Pero eso no era la venganza. El verdadero desquite vendría a través de sus teléfonos: como parte de los “beneficios” obtenidos con el malware, ahora tenía la lista de los números de todo el equipo de americano a su disposición. Y ese era el momento preciso de usarlos.

Era sábado y el reloj marcaba las 11 de la mañana. El equipo de futbol americano se estaba reuniendo en el patio de la escuela para subir al camión que los llevaría hasta Tlalpan para enfrentar a los Borregos del tecnológico Campus Sur.

El camión no partía aún. Lo supo porque el rastreador satelital le decía que los teléfonos aún no habían comenzado a moverse. Esperó algunos minutos y su paciencia dio frutos: el transporte comenzó a moverse. Abandonó el estacionamiento de la escuela y se integró al tráfico de la Avenida central. Se detuvo un momento en el semáforo de la estación de mexibus “Vocacional 3” y luego avanzó con gran lentitud con dirección a Ciudad Azteca.

Andrés miraba el monitor con gran atención sin perder detalle de la trayectoria del autobús, y cuando llegó a la altura de la calle de Tejupilco, musitó:

—Adiós amigos. Siempre los recordaremos como lo que en verdad eran: unas personas de m****a que nunca le aportaron nada a la sociedad. Espero que en el infierno tengan equipo de futbol americano…

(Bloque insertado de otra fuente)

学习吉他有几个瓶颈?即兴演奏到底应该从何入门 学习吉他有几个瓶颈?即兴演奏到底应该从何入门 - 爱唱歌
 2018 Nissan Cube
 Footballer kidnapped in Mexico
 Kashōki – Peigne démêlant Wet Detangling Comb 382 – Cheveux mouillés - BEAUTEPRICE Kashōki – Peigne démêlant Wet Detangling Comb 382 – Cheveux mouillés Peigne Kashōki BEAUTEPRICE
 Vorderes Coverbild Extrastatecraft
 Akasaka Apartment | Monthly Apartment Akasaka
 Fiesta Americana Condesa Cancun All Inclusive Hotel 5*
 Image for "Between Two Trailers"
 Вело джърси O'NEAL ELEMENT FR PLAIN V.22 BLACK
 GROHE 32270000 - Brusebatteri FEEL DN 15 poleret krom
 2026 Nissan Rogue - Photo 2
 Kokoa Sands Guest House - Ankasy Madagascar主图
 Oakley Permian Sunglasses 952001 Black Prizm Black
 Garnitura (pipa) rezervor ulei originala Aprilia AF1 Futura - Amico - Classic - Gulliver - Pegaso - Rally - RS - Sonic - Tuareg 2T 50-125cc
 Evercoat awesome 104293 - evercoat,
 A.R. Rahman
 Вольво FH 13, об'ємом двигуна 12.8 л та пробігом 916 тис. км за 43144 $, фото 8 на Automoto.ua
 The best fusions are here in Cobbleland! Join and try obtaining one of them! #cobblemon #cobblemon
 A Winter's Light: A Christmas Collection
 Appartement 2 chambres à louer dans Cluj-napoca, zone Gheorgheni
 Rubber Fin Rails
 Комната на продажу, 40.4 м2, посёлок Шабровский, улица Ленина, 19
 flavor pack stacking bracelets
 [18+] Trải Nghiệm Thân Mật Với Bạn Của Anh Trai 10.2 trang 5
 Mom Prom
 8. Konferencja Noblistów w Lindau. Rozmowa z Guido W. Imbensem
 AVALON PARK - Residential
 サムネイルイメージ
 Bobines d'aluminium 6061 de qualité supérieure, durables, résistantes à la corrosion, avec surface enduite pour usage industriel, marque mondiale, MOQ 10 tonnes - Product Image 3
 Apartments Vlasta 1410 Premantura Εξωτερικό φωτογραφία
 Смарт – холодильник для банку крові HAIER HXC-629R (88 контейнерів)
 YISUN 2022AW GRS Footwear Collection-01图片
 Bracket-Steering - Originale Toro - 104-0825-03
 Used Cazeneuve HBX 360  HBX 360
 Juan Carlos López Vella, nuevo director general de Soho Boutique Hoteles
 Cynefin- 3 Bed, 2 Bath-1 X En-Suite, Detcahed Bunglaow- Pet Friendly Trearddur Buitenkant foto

Luego tecleó algunas órdenes en su computadora y aguardó algunos segundos. El avance del transporte se cortó de pronto; solo un punto parpadeante era mostrado por el rastreador satelital.

Andrés sonreía sin parpadear. Se mantuvo así durante poco más de diez minutos. Solo una llamada telefónica de Mateo lo sacó del curioso trance. Su amigo estaba asustado, y decía con frases entrecortadas que alguien había hecho volar en pedazos al autobús en el que viajaba el equipo de fútbol americano de la vocacional. Tras algunos segundos de silencio, y presionado por las insistentes preguntas de su camarada, Andrés finalmente dijo:

—No lo sé amigo. Hay que gente que solo quiere ver al mundo estallar…

Y luego colgó. La venganza estaba consumada.